Objective:

To assess the neuroprotective effectiveness of Erucin (ERN) and its polymeric mixed micelles against 3-Nitropropionic acid-induced neurodegeneration.

Background:

The neuroprotective efficacy of ERN, a structural analog of the well-known neuroprotective chemical sulforaphane, against Huntington’s disease (HD) has not been studied.

Design/Methods:

In-vitro neuroprotective effect of ERN was assessed on the morphological alterations, cytofluorimetric mechanistic, and mRNA expression level analyses against 3-NPA-intoxicated SH-SY5Y cells mimicking HD. Additionally, ERN-loaded mixed micelles were prepared, optimized by central composite design and structurally characterized by Dynamic light scattering (DLS), FTIR and TEM. Furthermore, in-vivo neuroprotective effects of ERN and its nanocarrier based formulation against the striatal toxicity caused by 3-NPA were tested in male Wistar rats.

Results:

In SH-SY5Y cells, pre-treatment with ERN reduced redox impairment, apoptotic status and mitochondrial dysfunction.
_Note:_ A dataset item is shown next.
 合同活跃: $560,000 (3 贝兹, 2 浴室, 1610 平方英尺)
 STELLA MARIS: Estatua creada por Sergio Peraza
RT-qPCR analysis revealed that pre-treatment of ERN, effectively protected neuronal cells against 3-NPA-induced cell death by preventing caspase-3 activation, BDNF upregulation and Nrf2 induction. The formulation of mixed micelles improved the ERN solubility and oral bioavailability. 3-NPA neurotoxicity significantly impaired learning and locomotor performance, elevated oxidative stress, neuroinflammation, neurotransmitters imbalance, excitotoxicity, mitochondrial dysfunction and HD-specific striatal lesions in rats. However, pre-administration of ERN and its polymeric micelles considerably boosted GABA, and reduced amount of glutamate content. The antioxidant ability of ERN was demonstrated by activation of Nrf2 and GSH levels. Besides, neuroinflammation status was maintained by blocking NF-kB with a concurrent decrease in pro-inflammatory enzymes (COX-2; iNOS) and cytokines (TNF-α and IL-6).  Likewise, caspase-3 was downregulated owing to ERN-induced anti-apoptotic effects and neurogenesis was promoted via activation of BDNF-TrkB-CREB signaling. 

Conclusions:

The observed neuroprotective effects could be attributed to enhanced mitochondrial activity as well as antioxidant, anti-inflammatory, and anti-apoptotic capabilities of ERN. Therefore, treating Huntington's disease with the dietary phytochemical ERN and its mixed micelles may reveal a new paradigm in development of plant-based drugs that combat neurodegeneration.